The output should match, line for line, the records from the line containing "Chint limit switch" through the line containing "Hair Fake hair", with every picture left out.

● **Data to use**:
++++++++
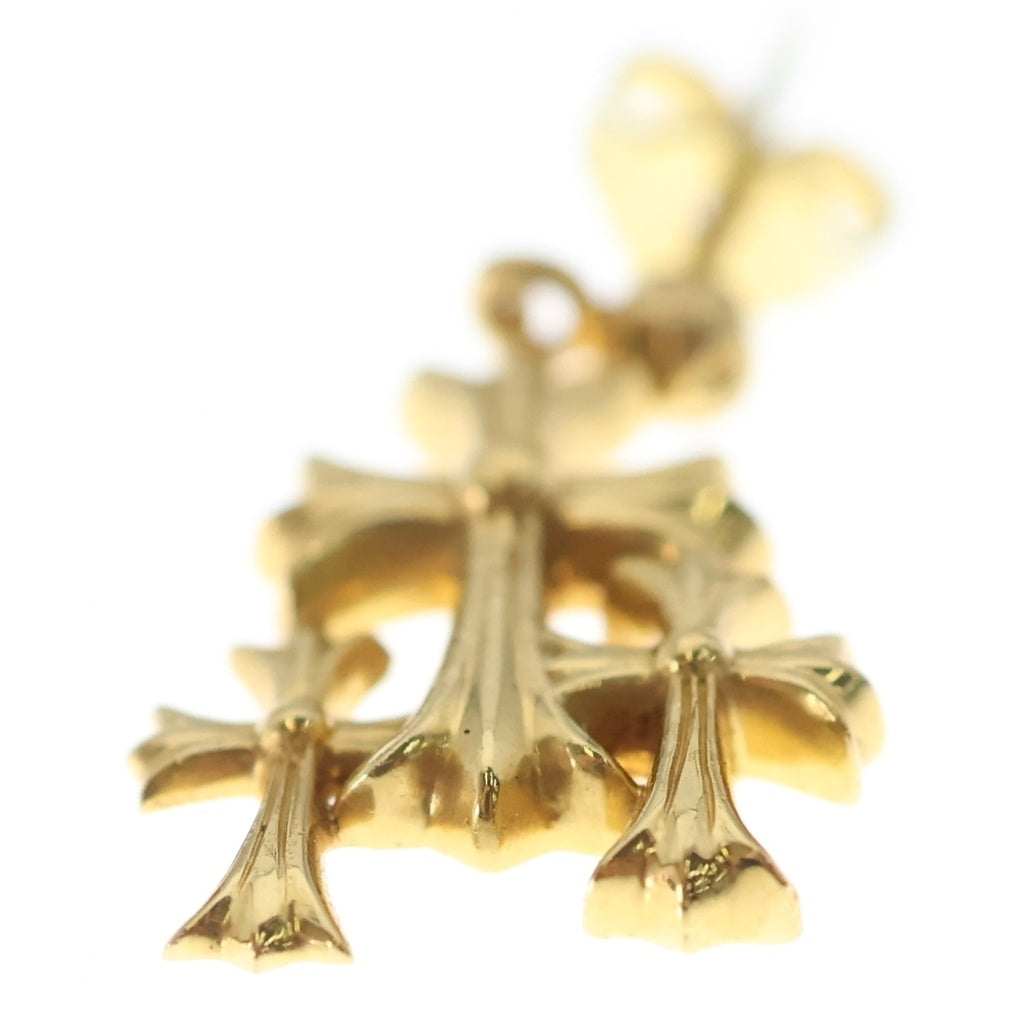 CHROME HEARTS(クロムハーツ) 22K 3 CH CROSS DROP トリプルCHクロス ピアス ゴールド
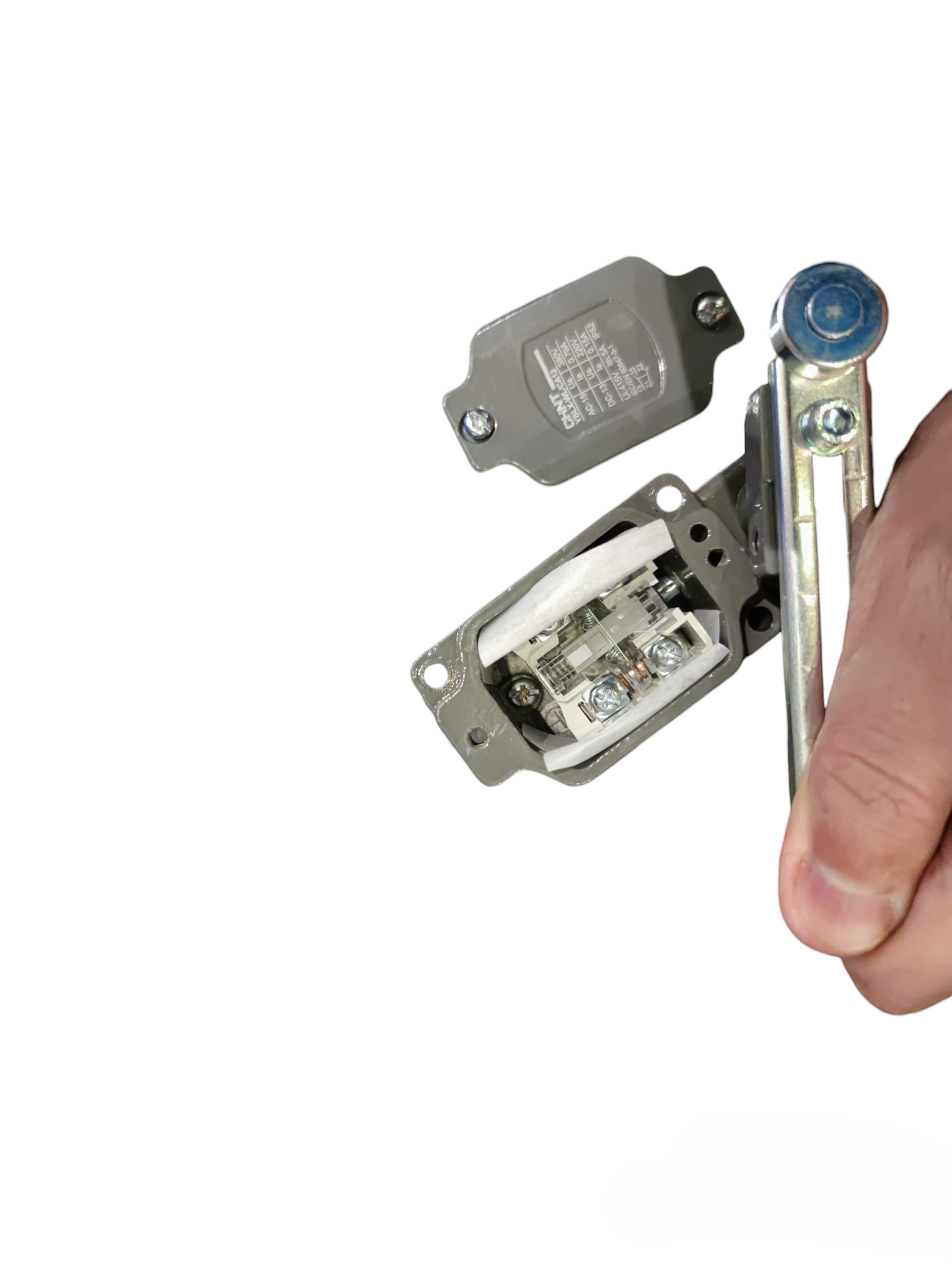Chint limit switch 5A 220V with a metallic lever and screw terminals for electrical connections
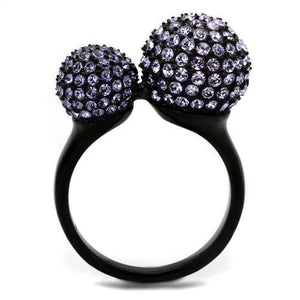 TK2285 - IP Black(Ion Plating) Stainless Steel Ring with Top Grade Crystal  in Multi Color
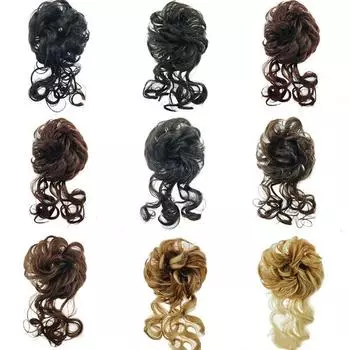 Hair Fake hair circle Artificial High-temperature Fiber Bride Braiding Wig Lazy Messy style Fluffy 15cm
++++++++
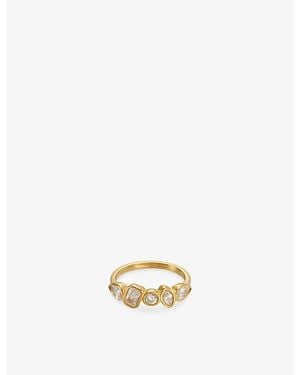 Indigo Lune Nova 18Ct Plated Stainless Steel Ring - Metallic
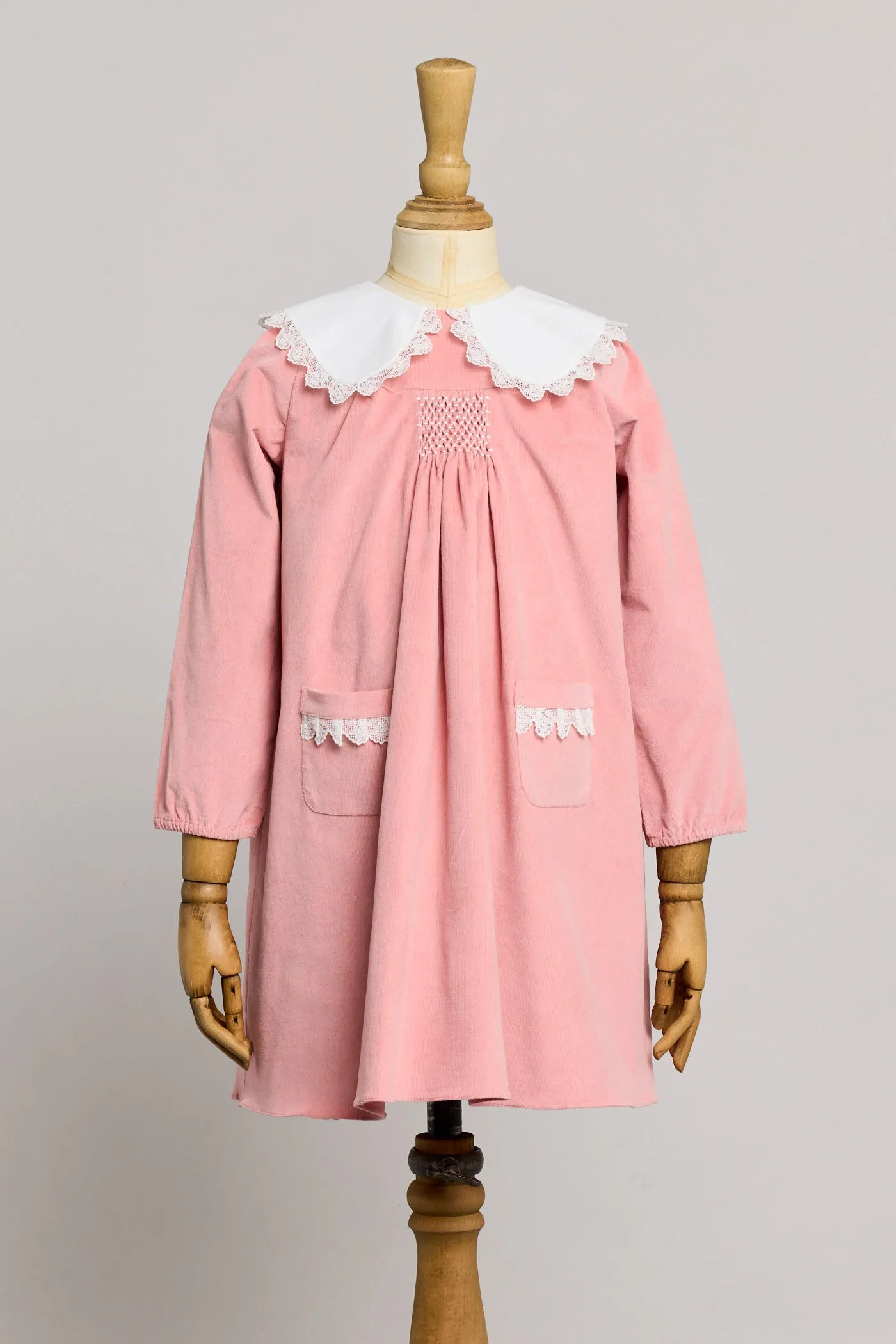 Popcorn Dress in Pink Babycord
++++++++
● **Written answer**:
Chint limit switch 5A 220V with a metallic lever and screw terminals for electrical connections
 TK2285 - IP Black(Ion Plating) Stainless Steel Ring with Top Grade Crystal  in Multi Color
 Hair Fake hair circle Artificial High-temperature Fiber Bride Braiding Wig Lazy Messy style Fluffy 15cm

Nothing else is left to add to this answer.